A photograph just in from one of our drivers of the beautiful vista from Priests Leap in North County Kerry in Ireland.
Priests Leap is an infamous route passing through some of the wildest and most scenic country side in Ireland. The views from the top are both timeless and breath taking in equal measure, to the south you have Bantry Bay and the Sheen Valley and to the west and north you have the Caha Mountains and in the distance, the MacGillycuddy’s Reeks Mountain Range which includes Ireland’s highest mountain, Carrauntoohil at 1,039m.

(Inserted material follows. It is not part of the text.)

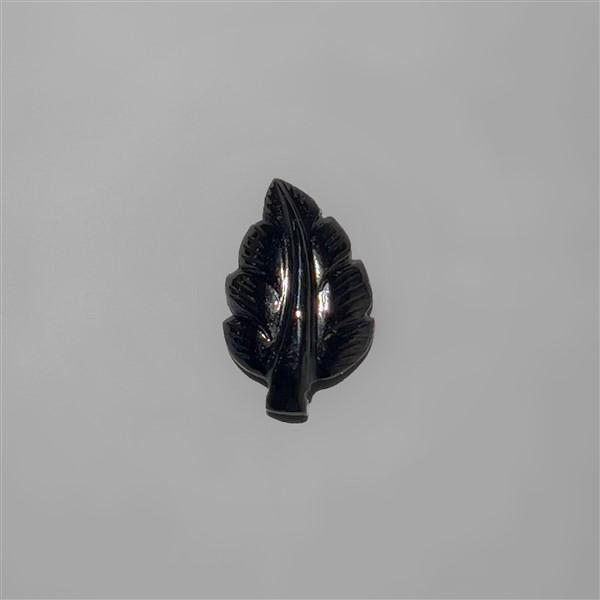 Onyx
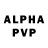 БУТИРАТ GHB Welcome Money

The story tells that before the dawn of day, a priest named Fr. James Archer, disguised as a lowly farmer, made his way on foot, to a sick person in the locality. The priest was carrying the ‘Secret Host’ which he kept hidden beneath his cloak and close to his heart. Fr. Archer was almost at his destination, when a peasant ran to his side and alerted him of approaching soldiers, by speaking the words that have been immortalised in the poem The Priests Leap written by the West Cork poet T.D. O’Sullivan.

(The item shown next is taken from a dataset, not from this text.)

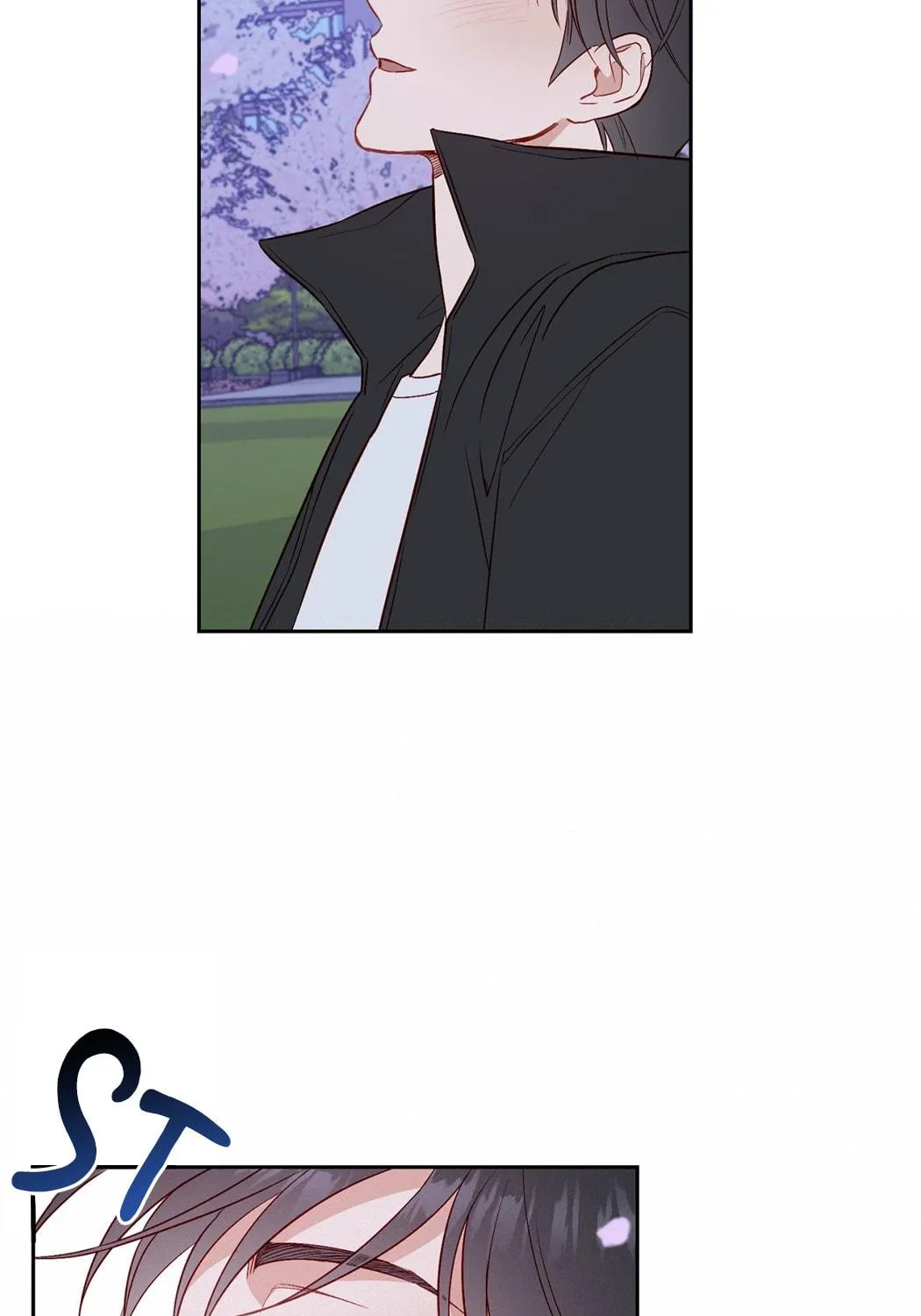 Exploration Chapter 7 page 72 -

‘Fly father fly the spies are out they watched you on your way
They’ve brought the soldiers on your track to seize you or to slay
Quick Father dear here stands my horse no whip or spur he’ll need
Mount you at once upon his back and put him to his speed
And then what course you’d better take ‘tis God alone that knows
Before you spreads a stormy sea, behind you come your foes’

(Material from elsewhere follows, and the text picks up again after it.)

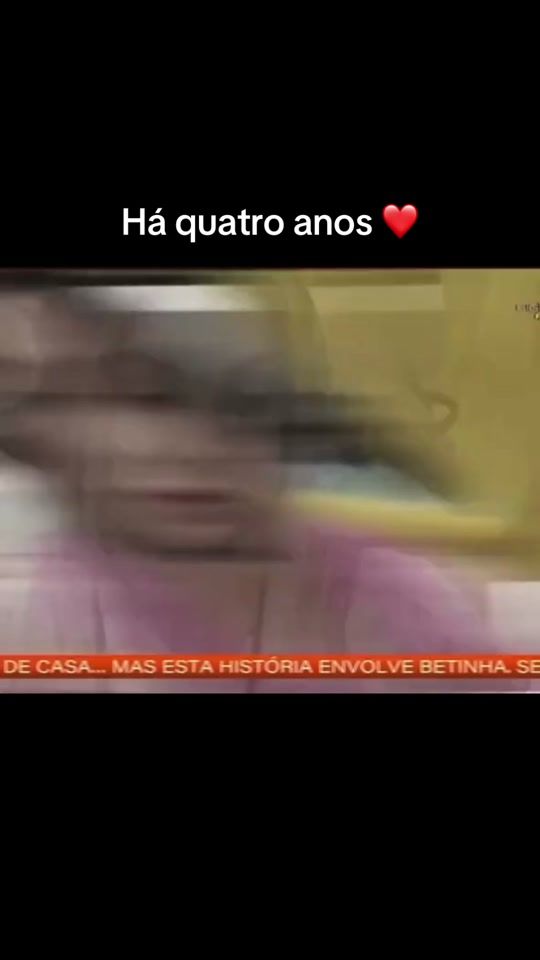 TikTok video thumbnail by brunardo23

The priest mounted the steed and rode in the direction of the mountain’s peak at Coomeenshrule but by this time, the soldiers had him surrounded on all sides. He managed to elude capture however, when his horse made a miraculous leap from the summit, over the bay and landed three miles away, just outside Bantry town.
The story concludes by explaining that the rock which the priest and horse struck as they landed, immediately turned to clay. The imprints of the horse’s head and knees, and also, the fingers of the priest, can be seen there to this day. In the summer of 1972, the community of Bantry erected a memorial plaque just outside the town where the mounted horse is said to have landed. This perpetuates the memory of the priest and his leap.